President Bush on Thursday said he has not yet decided what government assistance to provide the distressed U.S. automobile industry. The president says he worries about the economic consequences that an automaker bankruptcy could cause.

Mr. Bush said he is concerned about how an uncontrolled bankruptcy could affect the psychology of financial markets. He said he is also worried about putting good money after bad.

The administration is near a decision on what kind of government assistance to provided U.S. car companies. They have asked for $14 billion in loans to assure their survival.

"The president is not going to allow a disorderly collapse of the companies," said White House Press Secretary Dana Perino. "That is not an option. Some people have assumed that is one of things we would decide. That is not going to be the case."

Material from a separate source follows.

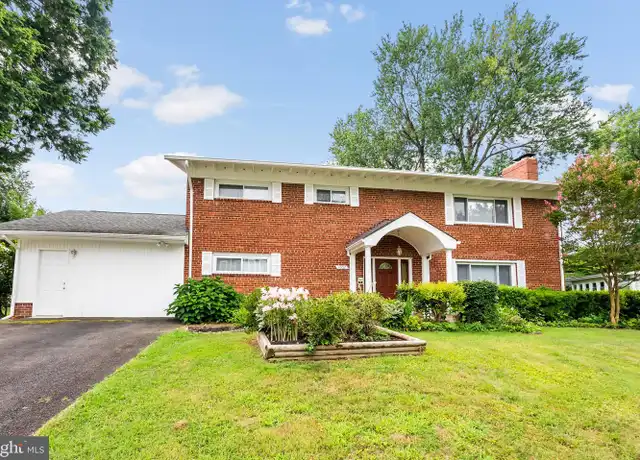 Property at 1602 Woodmoor Ln, Mc Lean, VA, 22101, 4 beds, 3 baths, [object Object]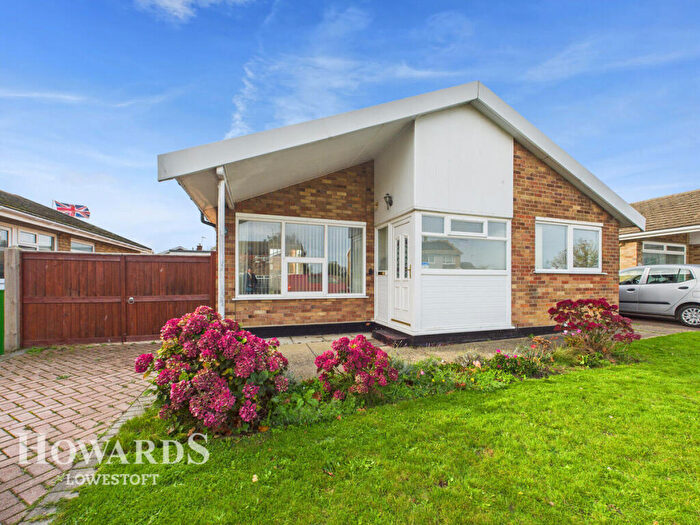 2 Bedroom Detached Bungalow For Sale In Breydon Way, Lowestoft, NR33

In Detroit, the U.S. automotive capital, the mood is somber. Chrysler - the weakest of the "Big Three" carmakers - is closing all of its U.S. assembly plants for a month, beginning next week. General Motors and Ford are also closing some plants beyond the usual two-week end of year production break. Unionized workers at the plants will continue to receive at least 85 percent of their pay, as stipulated in their contracts.

The credit squeeze and recession have caused U.S. car sales to plummet - down 37 percent in November, 25 percent for the year overall.

Jack Nerad is a marketing analyst for Kelley Blue Book, which keeps close watch on the auto industry.

"I think it is devastating," Nerad spoke to Bloomberg Television. "It is hard to overestimate the importance of this industry and the importance of what is going on right now. It is as if sales absolutely hit a wall in October. They're not recovering. And one of the major industrial corporations of the world-of all time [General Motors] could be on the brink."

It is not just the U.S.-based auto industry that is suffering. Sales of British-made cars in the United Kingdom were down 33 percent in November. And Fiat in Italy is closing all of its production plants for one month because of lagging car sales in Europe.